Looking forward, no clear marker has materialized as a reliable predictor of traztuzumab resistance in the adjuvant setting. Newer agents are under active investigation and may improve outcomes for early-stage patients in combination with traztuzumab-based adjuvant therapy. There also remains a lack of clarity regarding traztuzumab benefit for HER2-negative and/or HER2-low patients. Finally, traztuzumab has yielded major advances in the treatment of an aggressive breast cancer phenotype, but oncologists remain divided regarding the relative risk-benefit ratio of anthracyclines within traztuzumab-containing adjuvant regimens [8, 9].

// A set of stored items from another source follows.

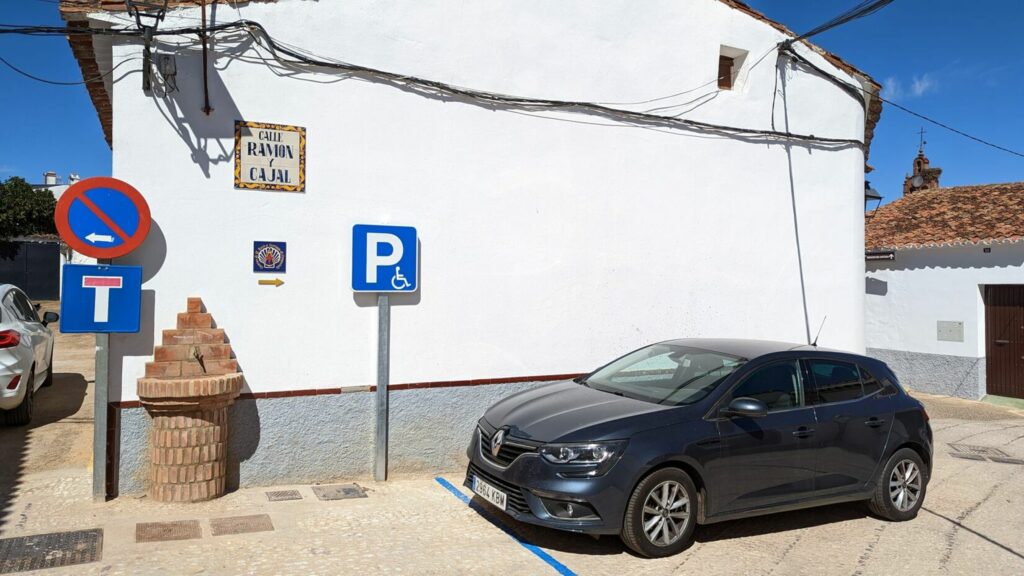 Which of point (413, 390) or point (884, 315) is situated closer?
point (413, 390)

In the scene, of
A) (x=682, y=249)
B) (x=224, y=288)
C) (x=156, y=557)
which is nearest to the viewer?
(x=156, y=557)

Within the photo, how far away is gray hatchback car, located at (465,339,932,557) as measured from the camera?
15.7ft

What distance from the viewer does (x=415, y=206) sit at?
6.95 m

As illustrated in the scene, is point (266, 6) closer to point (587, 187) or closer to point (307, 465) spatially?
point (587, 187)

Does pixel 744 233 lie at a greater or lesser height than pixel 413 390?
greater

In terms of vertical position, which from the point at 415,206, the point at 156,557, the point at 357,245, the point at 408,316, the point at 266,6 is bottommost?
the point at 156,557

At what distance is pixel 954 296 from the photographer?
13.2m

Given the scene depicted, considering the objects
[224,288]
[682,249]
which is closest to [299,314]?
[224,288]

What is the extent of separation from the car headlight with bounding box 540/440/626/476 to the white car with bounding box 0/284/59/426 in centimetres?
602

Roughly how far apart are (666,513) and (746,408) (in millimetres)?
970

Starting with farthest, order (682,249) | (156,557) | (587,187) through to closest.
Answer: (682,249)
(587,187)
(156,557)

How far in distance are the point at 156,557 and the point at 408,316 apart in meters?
3.08

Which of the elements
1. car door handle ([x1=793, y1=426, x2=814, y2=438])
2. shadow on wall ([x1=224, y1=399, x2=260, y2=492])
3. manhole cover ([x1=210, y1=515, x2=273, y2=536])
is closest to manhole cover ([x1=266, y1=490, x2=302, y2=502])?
shadow on wall ([x1=224, y1=399, x2=260, y2=492])

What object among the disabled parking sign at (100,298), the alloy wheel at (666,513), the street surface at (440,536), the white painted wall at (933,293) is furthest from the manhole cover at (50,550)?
the white painted wall at (933,293)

Mechanisms of resistance to trastuzumab are complex and likely involve, in part, alternative signaling pathways and/or constitutive activation of the phosphoinositide 3-kinase/Akt signaling pathway. Newer agents show promise in resistant patients with advanced disease. Pertuzumab, a monoclonal antibody that binds to HER2 and inhibits heterodimerization with other receptors of the Her superfamily, has shown progression-free survival benefit in a phase III study in advanced disease [10] and is being studied in combination with trastuzumab with either anthracyline or non-anthracycline-based chemotherapy in the ongoing adjuvant APHINITY trial (NCT01358877). Trastuzumab-DM1, a conjugate of trastuzumab and a potent microtubule polymerization inhibitor (a derivate of maytansine) has shown a progression-free survival advantage in a phase II study of advanced disease [11]. Persistent HER3 signaling is another mechanism of therapeutic resistance, and anti-HER3 antibodies are in pre-clinical development. Combination studies of HER2-targeted agents with more potent, irreversible inhibitors of the epidermal growth factor receptor-HER2 family, such as Neratinib, are ongoing (NCT01423123). Retrospective analyses showing trastuzumab benefit in HER2-negative patients [12] and a recent revised analysis of the N9831 trial showed similar DFS improvements with trastuzumab therapy in patients HER2-positive by US Food and Drug Administration criteria, but negative by the revised American Society of Clinical Oncology (ASCO)/College of American Pathologists (CAP) criteria [13], making the ongoing prospective NSABP trial (NCT01275677) looking at trastuzumab in HER2-low patients a priority to define trastuzumab benefit for those patients considered HER2-low or -negative.

Despite improvements in treatment of advanced HER2-positive disease, many patients ultimately die due to progression of disease at visceral sites, so it is critical to increase success rates in the adjuvant setting.